Developers under pressure

Ironically, this new flexibility poses a threat to the very talent it depends on. Junior developers risk being bypassed by AI-generated code, leaving a future skills gap that no one has yet solved.

“To have senior engineers, you have to have engineers. To have engineers, you must first have junior engineers. If you replace all the junior engineers, then in a few years, you will not have any senior engineers,” MacAuley says. “At the same time, developers will still be required to supervise, debug, and guide AI output. Generative systems may accelerate productivity, but they cannot yet be trusted to operate unsupervised.

“You have to understand what it is doing, what each aspect of the code is fulfilling, and where it might go wrong. With a little bit of guidance, it produces something decent, but it still needs a human in the loop.”

The result is not a reduced workforce but a different one. Future developers will act less like coders and more like team leads, supervising AI collaborators and iterating at a faster pace than ever before. For some, that will be empowering. For others, it will be exhausting.

It is not only junior talent under threat. Even mid-level developers risk being outpaced by agents that can generate boilerplate, test functionality, and recommend architecture, all within seconds. Human roles are evolving from builders to validators, with higher cognitive demands and faster release cycles. Without organisational change, burnout will follow.

The edge of the platform

This new reality also raises questions about the role and relevance of digital platforms themselves. As AI systems become more specialised and fast-moving, few vendors will be able to keep up. “Our strategy is to remain as open as possible to a rapidly evolving ecosystem,” MacAuley explains. “Trying to compete by investing heavily in AI ourselves makes no sense. The ecosystem is evolving so rapidly that it is impossible to predict where it will be in a year. So staying open is key.”

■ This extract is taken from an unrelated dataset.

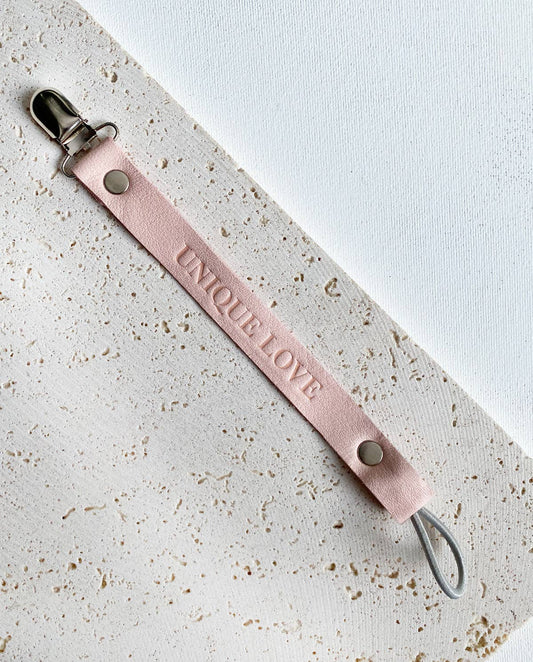 ROSE LEATHER PACIFIER CLIP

That openness will extend not just to AI services but to how digital channels are defined. The ability to integrate, not just generate, will be the new measure of platform value. The winners will be those who understand what is coming and adapt accordingly.

“The structure of the industry is going to be massively disrupted,” MacAuley concludes. “People who get on board with that change and take advantage of it will be the winners. Those who are slow to adapt will be the ones who lose. It really is that stark.”

From disposable code to agentic interfaces, the old boundaries between vendor, developer, and enterprise are dissolving. The next generation of digital platforms may not be platforms at all, but fluid, intelligent systems defined by their adaptability, rather than their architecture.